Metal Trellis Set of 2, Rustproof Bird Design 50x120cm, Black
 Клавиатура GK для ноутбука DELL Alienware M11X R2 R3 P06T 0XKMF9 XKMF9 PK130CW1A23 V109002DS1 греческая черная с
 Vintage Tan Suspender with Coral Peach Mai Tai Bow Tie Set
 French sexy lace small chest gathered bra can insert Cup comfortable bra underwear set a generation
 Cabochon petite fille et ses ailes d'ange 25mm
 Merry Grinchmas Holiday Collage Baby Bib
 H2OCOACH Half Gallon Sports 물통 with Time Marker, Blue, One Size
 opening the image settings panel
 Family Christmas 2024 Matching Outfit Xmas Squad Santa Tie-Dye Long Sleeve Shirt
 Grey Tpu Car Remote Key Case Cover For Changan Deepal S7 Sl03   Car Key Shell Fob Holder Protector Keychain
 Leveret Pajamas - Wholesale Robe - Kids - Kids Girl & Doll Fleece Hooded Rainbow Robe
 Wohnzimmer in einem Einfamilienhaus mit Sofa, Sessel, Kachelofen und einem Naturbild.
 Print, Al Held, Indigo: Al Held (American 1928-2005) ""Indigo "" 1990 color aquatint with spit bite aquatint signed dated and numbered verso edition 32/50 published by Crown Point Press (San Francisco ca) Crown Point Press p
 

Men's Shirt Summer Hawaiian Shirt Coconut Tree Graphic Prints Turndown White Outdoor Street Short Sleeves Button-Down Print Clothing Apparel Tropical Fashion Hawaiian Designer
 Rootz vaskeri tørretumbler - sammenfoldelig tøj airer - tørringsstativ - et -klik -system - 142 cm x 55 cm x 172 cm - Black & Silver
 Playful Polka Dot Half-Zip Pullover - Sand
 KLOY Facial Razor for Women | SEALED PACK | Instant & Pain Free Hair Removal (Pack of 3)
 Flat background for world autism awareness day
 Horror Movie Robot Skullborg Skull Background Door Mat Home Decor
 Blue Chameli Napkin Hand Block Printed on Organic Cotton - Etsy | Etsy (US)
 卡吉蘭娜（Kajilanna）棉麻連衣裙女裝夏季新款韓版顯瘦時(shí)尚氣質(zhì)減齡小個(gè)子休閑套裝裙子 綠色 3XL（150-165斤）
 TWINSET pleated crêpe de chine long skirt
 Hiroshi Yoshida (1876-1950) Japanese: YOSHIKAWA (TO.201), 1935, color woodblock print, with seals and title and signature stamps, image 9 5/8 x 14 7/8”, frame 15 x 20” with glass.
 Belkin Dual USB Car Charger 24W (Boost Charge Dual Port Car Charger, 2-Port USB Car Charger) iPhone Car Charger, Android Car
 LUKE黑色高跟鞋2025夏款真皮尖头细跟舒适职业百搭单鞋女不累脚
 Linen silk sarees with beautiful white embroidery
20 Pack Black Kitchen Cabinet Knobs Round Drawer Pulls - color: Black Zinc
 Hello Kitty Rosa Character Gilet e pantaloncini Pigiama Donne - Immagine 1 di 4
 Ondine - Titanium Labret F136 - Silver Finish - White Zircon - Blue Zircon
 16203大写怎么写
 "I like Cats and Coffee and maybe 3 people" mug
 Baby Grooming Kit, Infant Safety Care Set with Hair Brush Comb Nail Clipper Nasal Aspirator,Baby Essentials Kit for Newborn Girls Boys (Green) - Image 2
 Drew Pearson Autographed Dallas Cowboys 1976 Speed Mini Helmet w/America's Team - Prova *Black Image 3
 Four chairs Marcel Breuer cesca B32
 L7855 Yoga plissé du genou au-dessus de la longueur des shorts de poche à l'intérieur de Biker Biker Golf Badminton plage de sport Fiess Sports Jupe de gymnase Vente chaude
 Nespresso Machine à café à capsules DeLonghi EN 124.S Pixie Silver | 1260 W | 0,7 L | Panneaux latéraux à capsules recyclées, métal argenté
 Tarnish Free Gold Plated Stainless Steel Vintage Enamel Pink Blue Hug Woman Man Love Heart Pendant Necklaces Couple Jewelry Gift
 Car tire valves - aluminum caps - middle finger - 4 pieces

What the task asks » Look above for the line holding "like Cats and". Print it and every line after it, exactly, through the line holding "Tarnish Free Gold".

Task result »
 "I like Cats and Coffee and maybe 3 people" mug
 Baby Grooming Kit, Infant Safety Care Set with Hair Brush Comb Nail Clipper Nasal Aspirator,Baby Essentials Kit for Newborn Girls Boys (Green) - Image 2
 Drew Pearson Autographed Dallas Cowboys 1976 Speed Mini Helmet w/America's Team - Prova *Black Image 3
 Four chairs Marcel Breuer cesca B32
 L7855 Yoga plissé du genou au-dessus de la longueur des shorts de poche à l'intérieur de Biker Biker Golf Badminton plage de sport Fiess Sports Jupe de gymnase Vente chaude
 Nespresso Machine à café à capsules DeLonghi EN 124.S Pixie Silver | 1260 W | 0,7 L | Panneaux latéraux à capsules recyclées, métal argenté
 Tarnish Free Gold Plated Stainless Steel Vintage Enamel Pink Blue Hug Woman Man Love Heart Pendant Necklaces Couple Jewelry Gift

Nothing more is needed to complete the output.